Senza rischi e sussulti

Ci troviamo davanti a un’operazione indirizzata prevalentemente ai fan dell’opera originaria che, pur a dispetto di notevoli libertà in fase di sceneggiatura, si troveranno a loro agio nel vedere sul grande schermo le vicende dei loro beniamini. Ruby Red si affida a un impianto classico e stilisticamente semplice, cercando di rendere la vicenda fruibile e appassionante anche per i neofiti: il tentativo è riuscito solo parzialmente in quanto, nonostante diversi passaggi divulgativi sul background della Loggia e dei suoi adepti, certi passaggi rimangono confusi e poco chiari a chi non ha mai letto i libri. Da un prologo che getta subito nel bel mezzo dell’azione a un epilogo speziato di romanticismo a buon mercato, le due ore di questa prima installazione gettano molta carne al fuoco, tra salti temporali, complotti tra vari ordini segreti e fantasmi del passato che risucchiano la protagonista, e lo spettatore con essa, in un mondo in cui la magia è una realtà.
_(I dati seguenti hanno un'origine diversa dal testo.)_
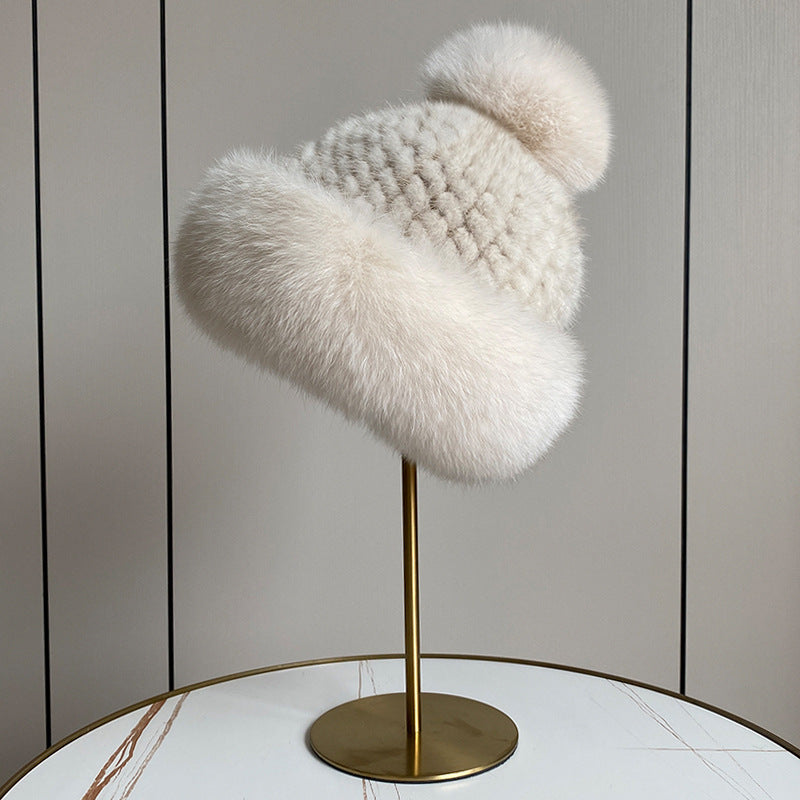 LUXURY MINK FUR HAT WITH BIG FOX POM POM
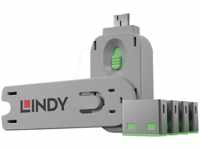 LINDY 40451 - USB-A-Port Schloss (1x Schlüssel, 4x Schlösser), grün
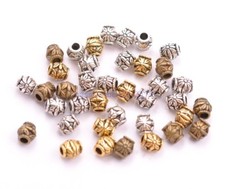 100Pcs Tibetan Silver Flower Oval Spacer Beads Jewelry Findings 6MM W3022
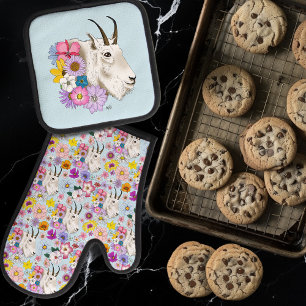White Mountain Goat Flowers Oven Mitt & Pot Holder Set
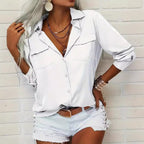 Damen lässige Bluse mit Taschen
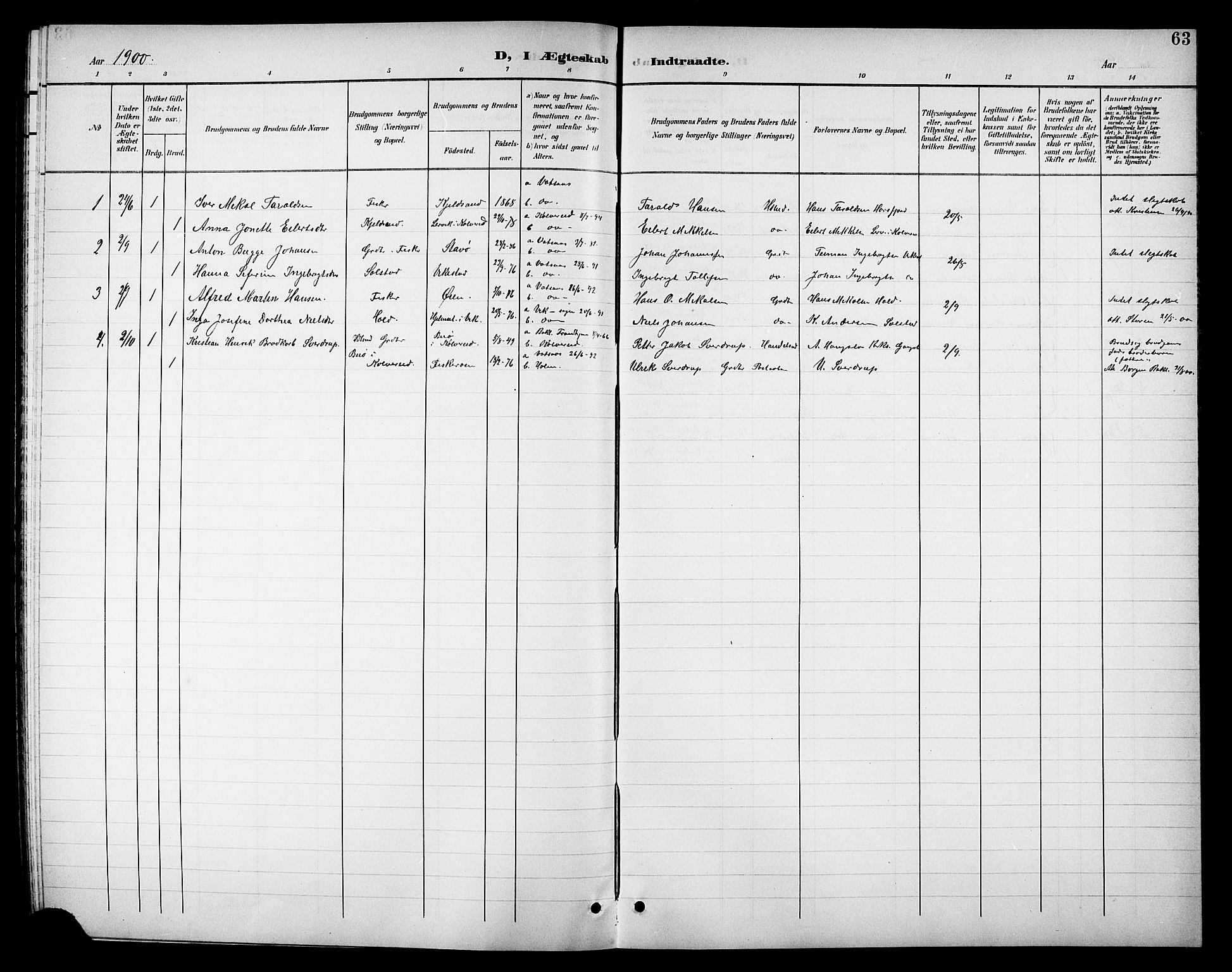 Ministerialprotokoller, klokkerbøker og fødselsregistre - Nordland, AV/SAT-A-1459/811/L0170: Parish register (copy) no. 811C02, 1896-1908, p. 63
Senza perdersi troppo in complicate elucubrazioni sui paradossi, che avrebbero reso ovviamente più complicata la verve e la linearità del racconto, il film non si prende troppi rischi e procede dritto per la propria strada, cosciente della futura evoluzione nei due episodi che andranno a concludere la trilogia. Un’ironia gradevole, una love-story forzata ma comprensibile e un pizzico di mistero lasciano comunque con la giusta curiosità in attesa del proseguo, dando senso di esistere a una messa in scena ligia e precisa che però ha poco a che fare con i blockbuster a tema, avvicinandosi più ai canoni qualitativi di omologhe produzioni televisive.